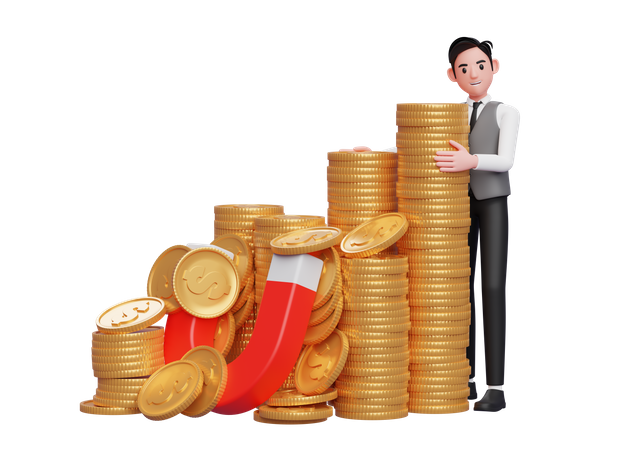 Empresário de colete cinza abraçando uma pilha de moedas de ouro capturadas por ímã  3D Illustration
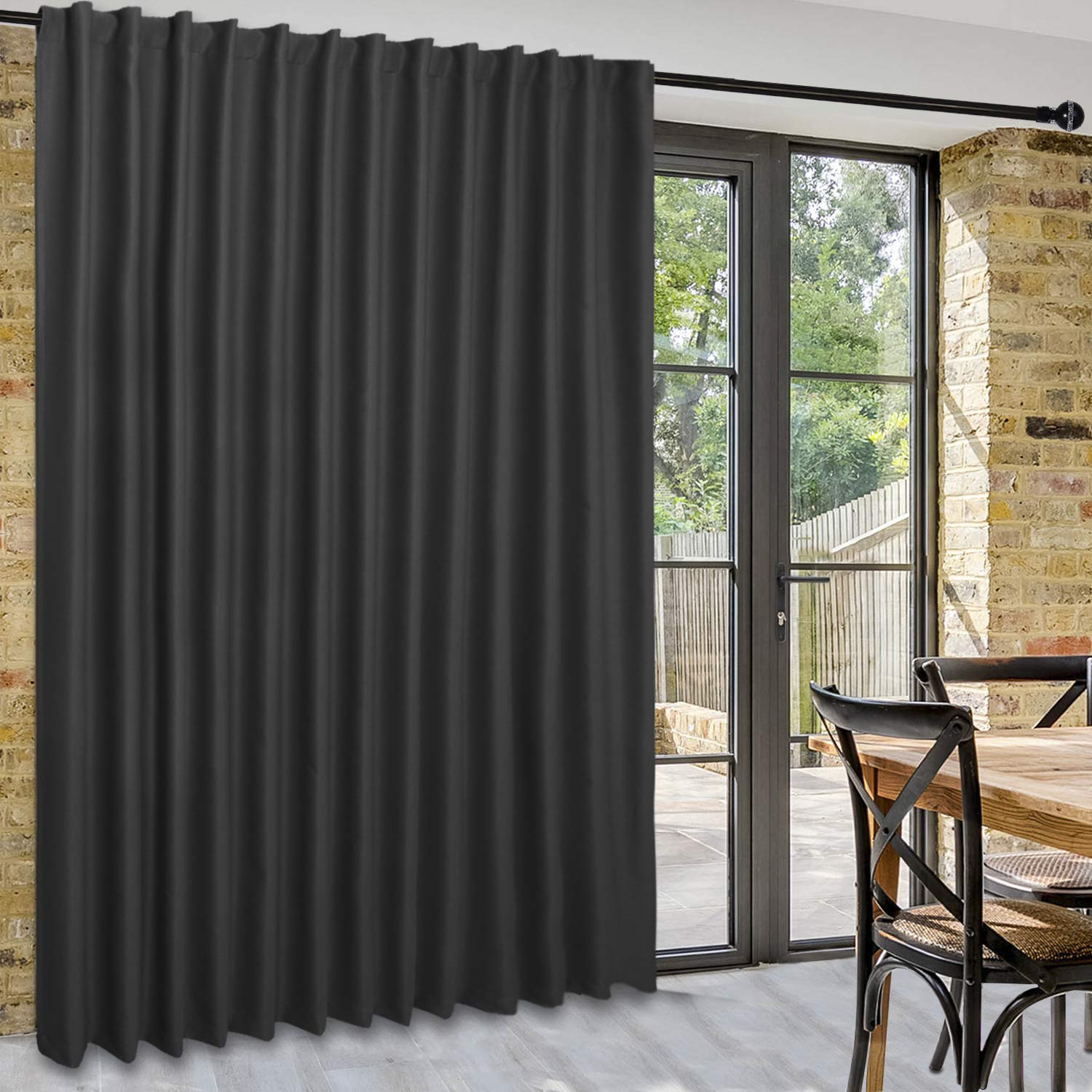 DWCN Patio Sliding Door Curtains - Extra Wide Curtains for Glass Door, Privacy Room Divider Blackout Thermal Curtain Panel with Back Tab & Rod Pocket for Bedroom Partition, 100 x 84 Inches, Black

...

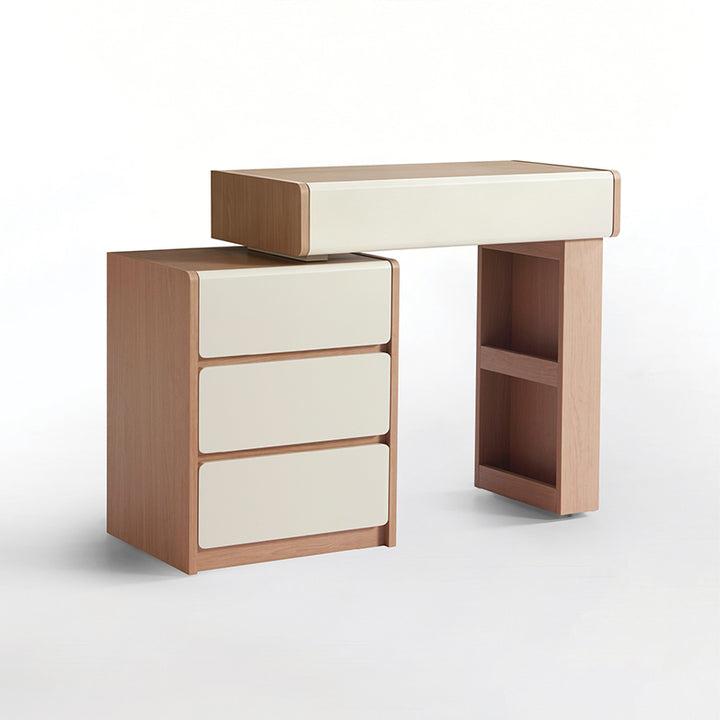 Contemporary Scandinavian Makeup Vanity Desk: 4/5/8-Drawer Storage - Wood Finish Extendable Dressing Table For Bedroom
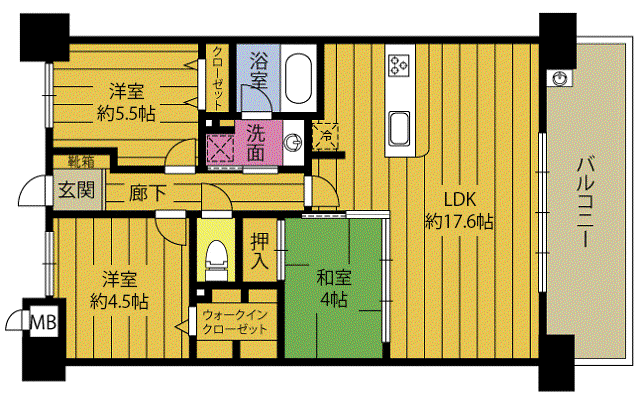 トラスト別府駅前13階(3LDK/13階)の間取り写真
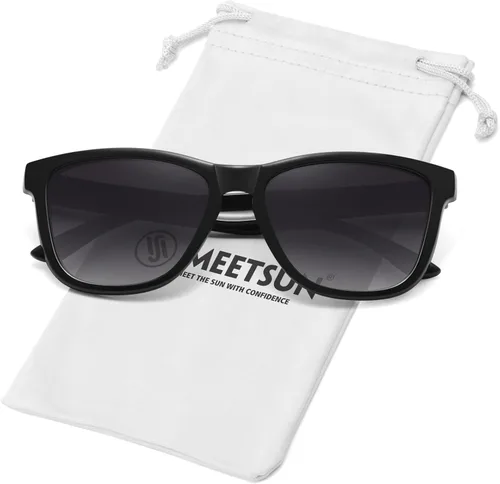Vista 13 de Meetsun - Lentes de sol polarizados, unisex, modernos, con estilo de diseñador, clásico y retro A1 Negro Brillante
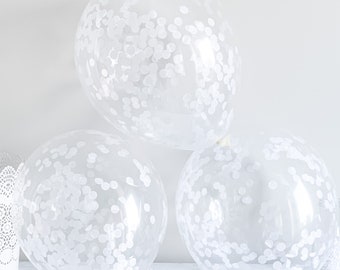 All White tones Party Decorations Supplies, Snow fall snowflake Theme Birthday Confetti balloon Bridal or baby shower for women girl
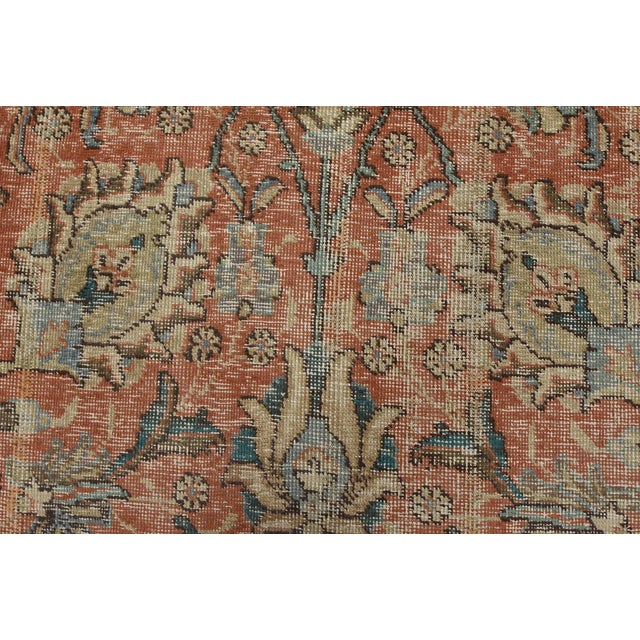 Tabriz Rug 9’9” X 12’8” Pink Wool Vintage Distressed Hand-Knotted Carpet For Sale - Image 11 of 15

» **WHAT YOU WILL DO**
How would the lines above read from the one with "Empresário de colete" to the one with "DWCN Patio Sliding", inclusive, with no pictures? Write them out exactly.

» **REPLY**
 Empresário de colete cinza abraçando uma pilha de moedas de ouro capturadas por ímã  3D Illustration
 DWCN Patio Sliding Door Curtains - Extra Wide Curtains for Glass Door, Privacy Room Divider Blackout Thermal Curtain Panel with Back Tab & Rod Pocket for Bedroom Partition, 100 x 84 Inches, Black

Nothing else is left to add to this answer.